Según la Real Academia, es «locuaz» aquel «que habla mucho o demasiado». De la definición se desprende un matiz: hablar mucho no siempre significa hablar de más.
El que tiene la fluidez mental para hablar mucho, disfruta de un envidiable don. Un don generoso, porque al hablar, entretiene, anima, alegra. Por algo hay personas -locutores, charlistas, comentaristas- que son pagadas sólo por hablar. Le permiten al oyente disfrutar de la locuacidad ajena sin la incomodidad de tener que contestar.
Pero hay culturas, como la inglesa, que inculcan la idea de que no hay que hablar si uno no tiene algo interesante que aportar. Es una idea peligrosa, porque cuando se instala la autocensura en la mente, la tranca y cohíbe. El que habla sin excesiva premeditación es más libre y más feliz. También, quizás, más humilde. Porque el que cuida sus palabras, ¿lo hace para no aburrir, o por vanidad?
Desde luego, el que habla mucho puede hablar demasiado. Si bien es agobiante el trancado silencio del que se queda mudo porque no encuentra la palabra justa, es abominable la charlatanería del que habla y habla sin nunca pensar. «Mejor el conocimiento tartamudo que la locuacidad ignorante», dijo Cicerón. También, a veces, el silencio tiene su propia elocuencia. No siempre son necesarias las palabras para expresarse. Lo saben los amantes. Algunos admiradores de Rimbaud lamentan que haya dejado de escribir poesía, para dedicarse al comercio. Pero, como dice Diego Maquieira en un gran libro inédito de conversaciones, que pronto se publicará, ese largo silencio de Rimbaud está poblado de significado. Nunca deja de atravesarlo el barco, borracho de palabras, del joven Rimbaud poeta.

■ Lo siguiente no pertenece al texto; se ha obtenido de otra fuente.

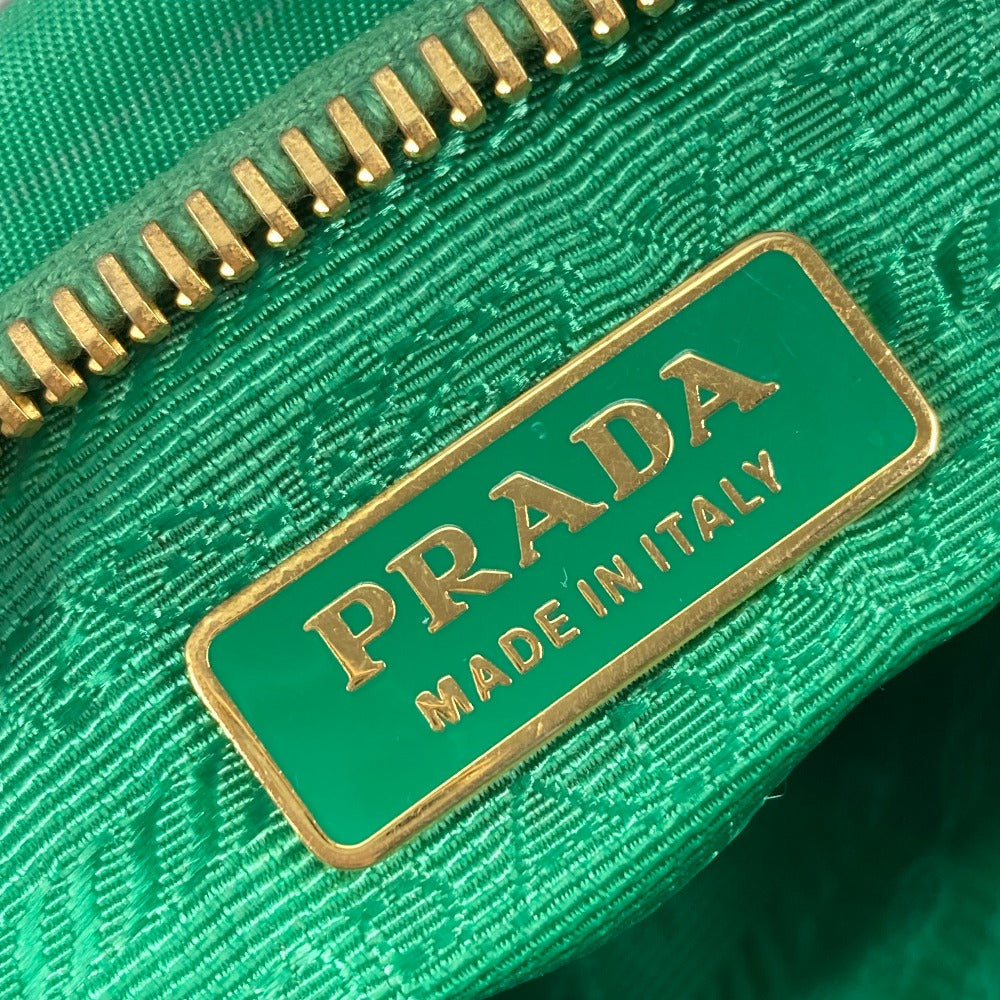 PRADA Makeup Pouch, Logo Clutch Bag with Strap, Nylon, Green, Women's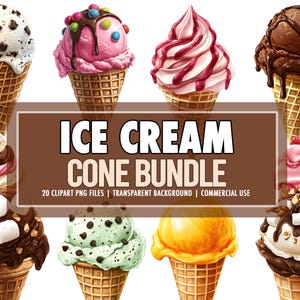 May include: A collection of colorful ice cream cones with various flavors, including chocolate, strawberry, and mint. The cones are in a variety of styles, with toppings like sprinkles, chocolate sauce, and marshmallows. The image includes the text "ICE CREAM CONE BUNDLE".
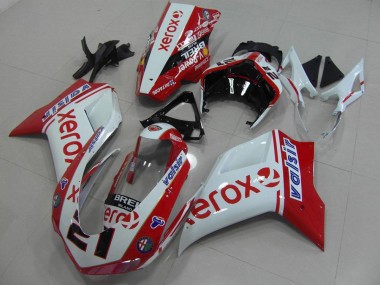 White Red Xerox 07-14 Ducati 848 1098 1198 Motorcycle Fairing
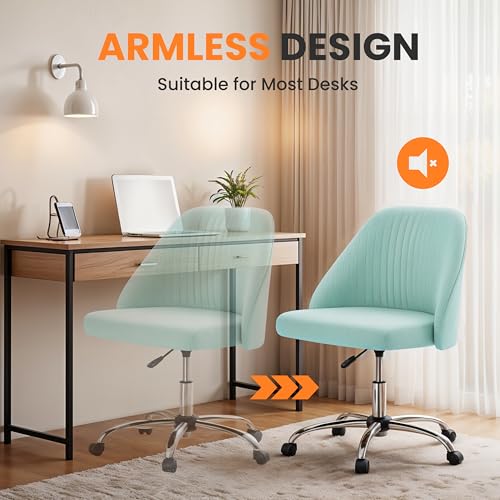 Simple Deluxe Armless Office Desk Chair, Modern Cute Swivel Vanity Chair Comfy Home Office Chairs with Wheels Height Adjustable Rolling Computer Task Stools for Living Room, Make-up, Bedroom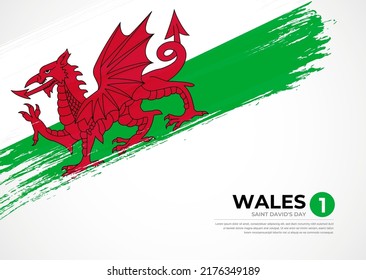 Flag of Wales with creative painted brush stroke texture background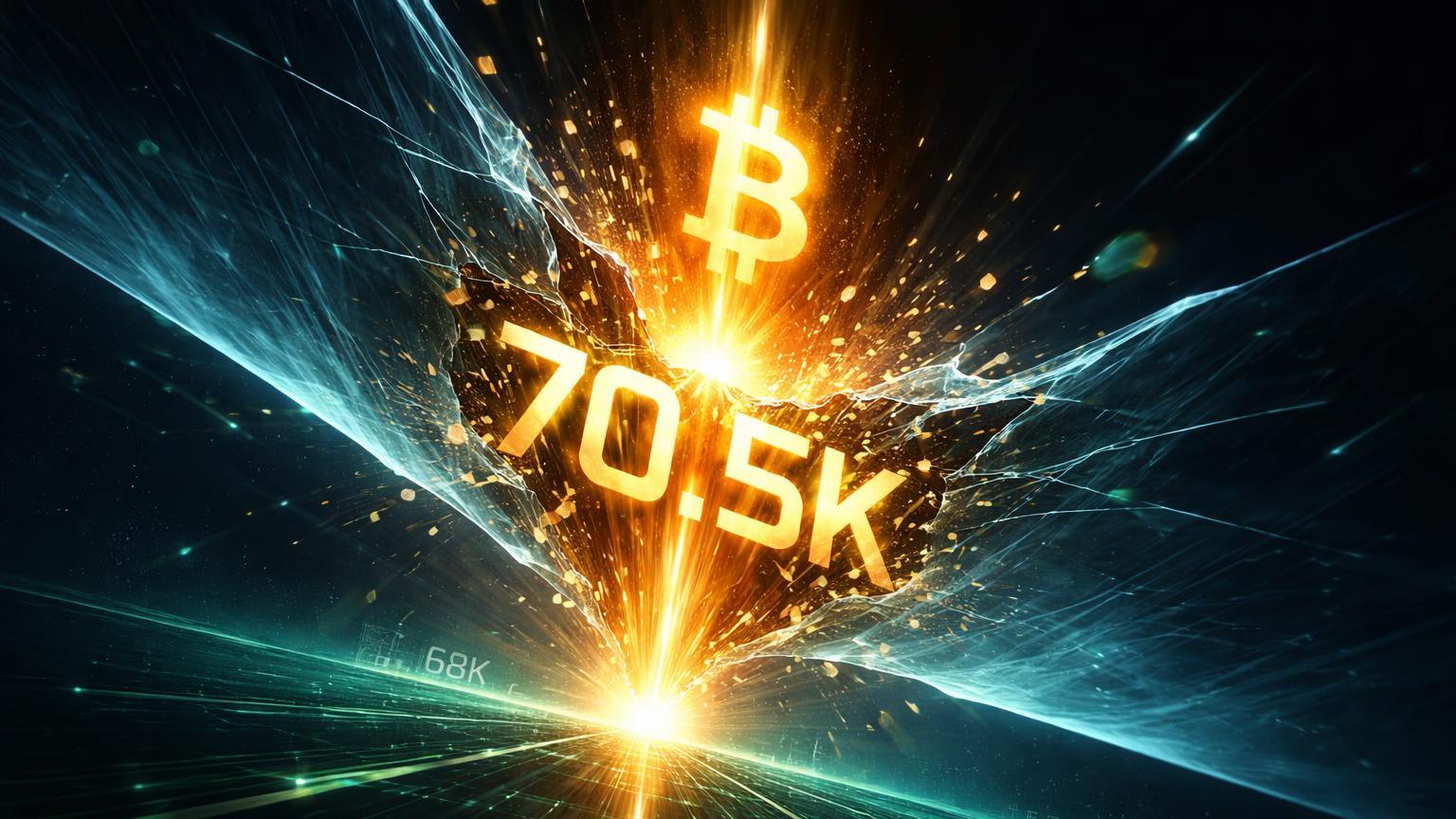Barreira cristalina descendente rompida por força dourada com marco 70.5K emergente, simbolizando breakout técnico do Bitcoin para US$ 70.500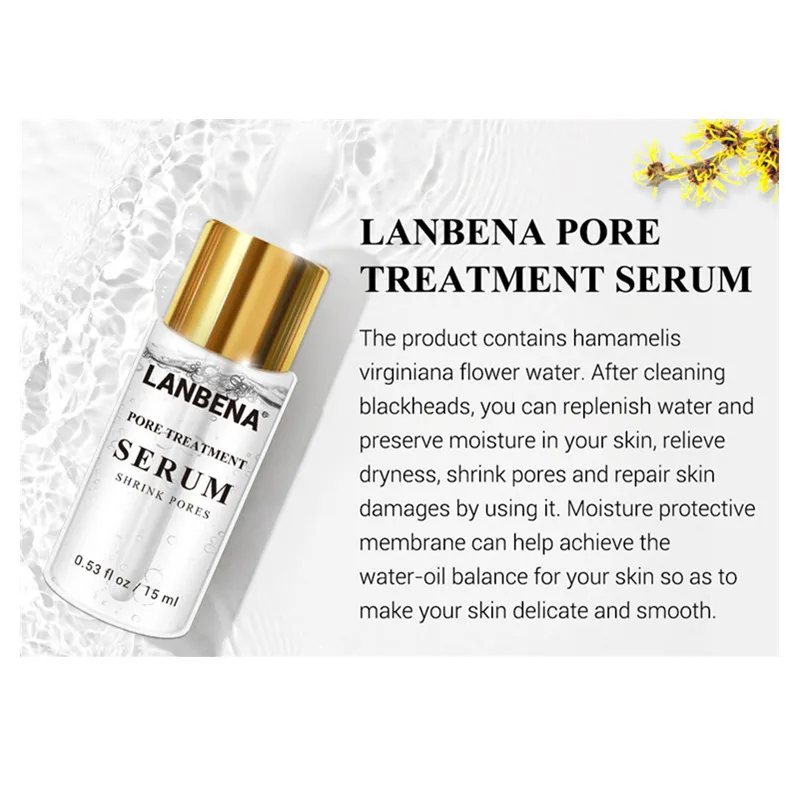 LANBENA Сыворотка для лица сужает поры лечение пор сывороточная эссенция снимает сухость контроль масла укрепляющее масло увлажняющее уход за кожей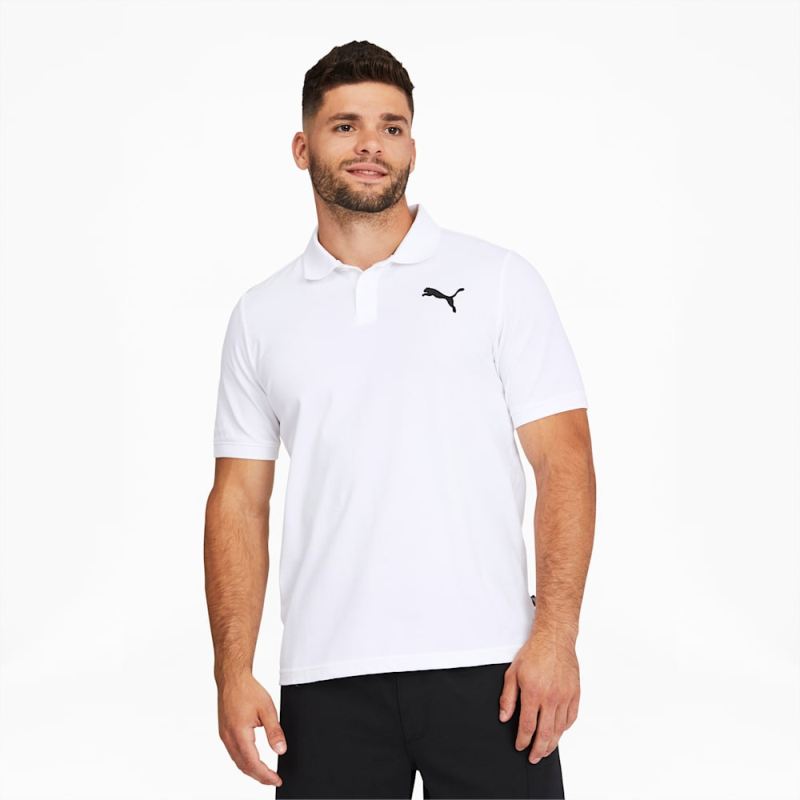 Puma | Men's Essentials Pique Polo - White-Cat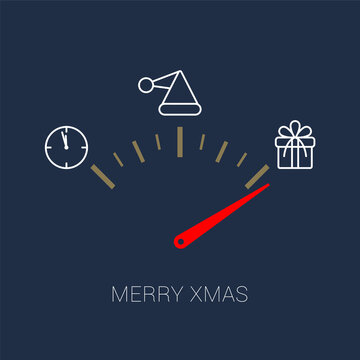 A speedometer or clock hand indicating the arrival of Christmas gifts. Vector illustration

La profesión que más se nutre del arte de hablar es la política. La palabra hablada es intrínseca a ella. Tanto, que la forma en que hablan los políticos nos dice todo sobre el tipo de sociedad en que se desempeñan. Las democracias más sanas son aquellas que castigan al orador gárrulo o mentiroso, y premian al que, con economía de palabras, logra ser incisivo, propositivo y veraz. Al otro extremo están los totalitarismos demagógicos. Allí, el dictador, cuando habla, es descaradamente mentiroso e irracional, mofándose de la idea de que la palabra sea la expresión de la razón o de la verdad, valores que lo limitan a lo meramente real y posible. Así demuestra que lo que vale no es sino lo que él quiere, lo que él manda y, para recalcarlo, se repite infinitamente. El gran ideólogo de la palabra mentirosa e irracional que aplasta al ciudadano fue Goebbels. «Si una mentira suficientemente grande es repetida una y otra vez, es eventualmente creída por el pueblo», dijo él. Agregó que el Estado debiera reprimir cualquier verdad que la contradiga. «La verdad es la enemiga mortal de la mentira, por lo que es la principal enemiga del Estado», sentenció Goebbels. De ese tipo de teoría proviene la verborrea de Hitler, Mussolini, Castro y, ahora, Chávez, que hora tras hora, ahoga a sus sufridos ciudadanos en un océano de frases voluntaristas.
La política chilena ha tenido, y tiene, protagonistas gárrulos y verbosos, pero, en general, nuestros políticos son comedidos al hablar. Sobre todo los ministros. De formación más bien técnica, evitan la pa-labrería. En los últimos 17 meses, los ministros han andado especialmente callados. Como los que nos educamos en Inglaterra, parecen tener terror de decir algo fuera de lugar. Ojalá se volvieran más locuaces. Ojalá bajo el liderazgo de la Presidenta salieran a difundir la carta de navegación del Gobierno. Porque nadie la conoce.